For Friends Back Home in Alabama, An Expectant Day

This article originally appeared on this site.

In keeping tabs on my friends and family back home in Alabama this week, I realized that the mood leading up to Tuesday’s special Senate election—the sense of anticipation, the feeling that this election had a vital weight—was similar to the one that took hold before Election Day last November, as Hillary Clinton and Donald Trump vied for the Presidency. Following along on Facebook, I watched as former classmates whose politics had previously been unknown to me revealed progressive leanings, and wrote of wanting to preserve “Alabama values,” which, to them, were very different from the ones espoused by Roy Moore. (“Alabamians value close families, an honest day’s work, and open hearts.

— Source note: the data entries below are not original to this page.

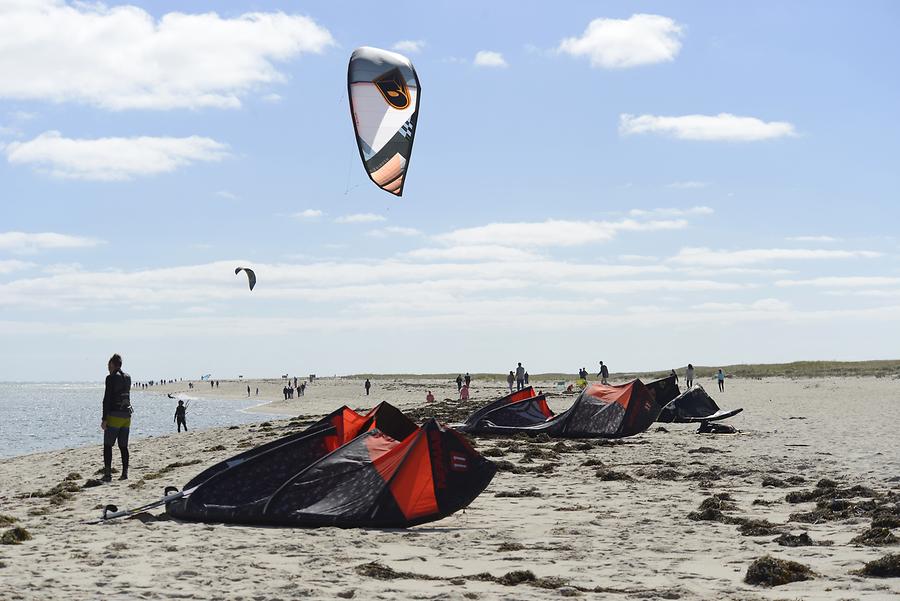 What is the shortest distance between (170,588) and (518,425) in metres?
11.9

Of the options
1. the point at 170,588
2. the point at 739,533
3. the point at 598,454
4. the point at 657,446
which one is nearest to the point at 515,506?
the point at 739,533

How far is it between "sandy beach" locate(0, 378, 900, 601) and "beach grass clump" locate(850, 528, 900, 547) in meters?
0.06

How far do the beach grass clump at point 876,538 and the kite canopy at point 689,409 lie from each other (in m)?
13.2

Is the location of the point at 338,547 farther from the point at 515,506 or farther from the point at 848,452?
the point at 848,452

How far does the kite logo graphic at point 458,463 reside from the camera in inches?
316

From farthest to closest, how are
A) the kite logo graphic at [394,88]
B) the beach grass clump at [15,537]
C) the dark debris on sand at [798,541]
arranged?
the kite logo graphic at [394,88], the beach grass clump at [15,537], the dark debris on sand at [798,541]

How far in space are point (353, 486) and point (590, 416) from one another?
370 inches

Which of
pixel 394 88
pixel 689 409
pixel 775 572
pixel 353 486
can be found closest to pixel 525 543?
pixel 353 486

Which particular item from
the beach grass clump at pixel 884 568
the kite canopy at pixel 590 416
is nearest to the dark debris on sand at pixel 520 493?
the beach grass clump at pixel 884 568

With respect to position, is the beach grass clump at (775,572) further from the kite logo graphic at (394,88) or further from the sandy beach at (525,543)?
the kite logo graphic at (394,88)

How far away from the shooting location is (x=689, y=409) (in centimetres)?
2014

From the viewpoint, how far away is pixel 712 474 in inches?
443

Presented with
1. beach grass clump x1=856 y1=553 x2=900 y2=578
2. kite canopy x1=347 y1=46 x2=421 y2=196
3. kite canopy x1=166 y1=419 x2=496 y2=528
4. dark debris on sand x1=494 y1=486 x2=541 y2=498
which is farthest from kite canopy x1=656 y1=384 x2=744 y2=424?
beach grass clump x1=856 y1=553 x2=900 y2=578

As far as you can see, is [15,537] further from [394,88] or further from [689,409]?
[689,409] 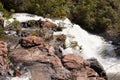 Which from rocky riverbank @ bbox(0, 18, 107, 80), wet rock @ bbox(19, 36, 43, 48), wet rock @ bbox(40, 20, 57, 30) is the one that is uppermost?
wet rock @ bbox(19, 36, 43, 48)

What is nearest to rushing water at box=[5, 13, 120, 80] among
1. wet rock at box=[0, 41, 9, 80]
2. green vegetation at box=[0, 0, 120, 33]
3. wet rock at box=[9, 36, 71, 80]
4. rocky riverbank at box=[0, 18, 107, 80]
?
green vegetation at box=[0, 0, 120, 33]

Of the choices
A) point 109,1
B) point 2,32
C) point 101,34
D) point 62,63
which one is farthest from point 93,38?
point 62,63

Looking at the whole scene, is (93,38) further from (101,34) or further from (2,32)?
(2,32)

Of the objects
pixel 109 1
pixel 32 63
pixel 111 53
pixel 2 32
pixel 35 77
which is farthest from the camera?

We love fiercely, watch out for one another, build and nurture close-knit communities, and demonstrate dignity and respect,” one former classmate wrote. She hashtagged it #NoMoore.) I wondered how the people I knew fit would fit into the broader picture of people who voted today.

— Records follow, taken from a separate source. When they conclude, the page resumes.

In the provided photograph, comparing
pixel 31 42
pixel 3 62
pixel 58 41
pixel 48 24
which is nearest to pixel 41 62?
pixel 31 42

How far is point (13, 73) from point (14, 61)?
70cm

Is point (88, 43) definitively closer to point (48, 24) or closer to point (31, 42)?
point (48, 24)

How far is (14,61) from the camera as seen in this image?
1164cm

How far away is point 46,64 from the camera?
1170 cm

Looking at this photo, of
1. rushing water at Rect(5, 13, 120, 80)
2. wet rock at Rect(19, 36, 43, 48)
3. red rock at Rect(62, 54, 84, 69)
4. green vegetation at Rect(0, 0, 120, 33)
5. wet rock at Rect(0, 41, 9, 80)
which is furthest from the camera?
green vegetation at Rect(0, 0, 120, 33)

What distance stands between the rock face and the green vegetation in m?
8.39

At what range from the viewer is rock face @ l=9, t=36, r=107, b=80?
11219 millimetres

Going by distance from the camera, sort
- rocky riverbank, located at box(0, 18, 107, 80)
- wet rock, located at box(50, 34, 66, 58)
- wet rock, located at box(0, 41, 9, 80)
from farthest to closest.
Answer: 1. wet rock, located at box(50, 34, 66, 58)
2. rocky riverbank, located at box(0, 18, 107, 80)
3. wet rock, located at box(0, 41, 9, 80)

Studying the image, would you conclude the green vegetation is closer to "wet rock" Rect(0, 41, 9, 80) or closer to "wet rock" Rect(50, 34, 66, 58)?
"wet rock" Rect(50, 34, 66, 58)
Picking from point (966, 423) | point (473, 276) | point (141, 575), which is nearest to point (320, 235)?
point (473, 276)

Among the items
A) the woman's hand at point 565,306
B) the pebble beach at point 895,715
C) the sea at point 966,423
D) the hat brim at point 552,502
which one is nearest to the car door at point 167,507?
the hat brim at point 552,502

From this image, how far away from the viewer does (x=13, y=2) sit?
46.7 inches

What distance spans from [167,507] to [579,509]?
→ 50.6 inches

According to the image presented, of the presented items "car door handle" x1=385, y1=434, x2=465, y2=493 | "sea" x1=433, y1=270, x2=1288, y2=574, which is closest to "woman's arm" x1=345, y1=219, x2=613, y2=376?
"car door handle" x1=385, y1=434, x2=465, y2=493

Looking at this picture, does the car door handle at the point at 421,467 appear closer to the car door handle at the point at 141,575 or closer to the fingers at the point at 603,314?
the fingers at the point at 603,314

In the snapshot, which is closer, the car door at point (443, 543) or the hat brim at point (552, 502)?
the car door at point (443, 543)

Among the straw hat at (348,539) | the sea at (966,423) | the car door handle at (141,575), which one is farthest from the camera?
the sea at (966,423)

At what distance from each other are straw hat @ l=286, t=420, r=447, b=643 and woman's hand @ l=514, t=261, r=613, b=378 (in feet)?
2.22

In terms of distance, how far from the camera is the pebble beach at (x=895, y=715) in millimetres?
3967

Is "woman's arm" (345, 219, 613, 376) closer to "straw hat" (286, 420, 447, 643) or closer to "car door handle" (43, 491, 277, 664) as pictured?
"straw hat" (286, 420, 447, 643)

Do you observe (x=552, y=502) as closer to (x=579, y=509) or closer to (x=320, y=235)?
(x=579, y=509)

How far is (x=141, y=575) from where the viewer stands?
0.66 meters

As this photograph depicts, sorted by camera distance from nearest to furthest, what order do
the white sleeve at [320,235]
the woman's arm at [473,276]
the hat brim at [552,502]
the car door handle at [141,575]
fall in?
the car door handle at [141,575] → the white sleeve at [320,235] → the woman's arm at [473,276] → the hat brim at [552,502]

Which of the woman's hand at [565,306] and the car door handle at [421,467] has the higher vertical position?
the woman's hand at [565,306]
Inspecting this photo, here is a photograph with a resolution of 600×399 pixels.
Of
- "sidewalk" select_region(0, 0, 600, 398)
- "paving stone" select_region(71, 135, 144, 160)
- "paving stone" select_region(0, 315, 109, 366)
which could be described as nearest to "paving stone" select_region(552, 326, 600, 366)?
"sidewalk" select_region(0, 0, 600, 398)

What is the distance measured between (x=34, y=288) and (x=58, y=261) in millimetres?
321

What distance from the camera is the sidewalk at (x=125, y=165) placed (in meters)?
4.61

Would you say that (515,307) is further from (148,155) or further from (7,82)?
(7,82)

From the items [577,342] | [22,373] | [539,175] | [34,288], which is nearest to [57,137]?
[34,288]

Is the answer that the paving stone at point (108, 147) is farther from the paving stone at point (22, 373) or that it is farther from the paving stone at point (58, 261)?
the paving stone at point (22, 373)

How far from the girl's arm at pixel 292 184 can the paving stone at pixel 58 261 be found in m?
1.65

On Monday night, a childhood friend of mine in Alabama posed a question on Facebook: What would people tell a friend who was going to abstain from voting on Tuesday because he or she wanted to “stay out of it?” Several people responded immediately. In a race with stakes this high, there was no such thing as staying out of it, they said. The friend who stayed home would have no right to complain if Moore wound up winning, some commented. Others said that abstaining from voting would be an insult to the activists who, over the decades, had sacrificed their lives for voting rights in the state. Many of the people commenting, I noticed, were black: I hoped it was a sign of strong turnout to come. This morning, a friend of a friend posted that she was at the polls, excited to cast her ballot. She tagged fifty-six people.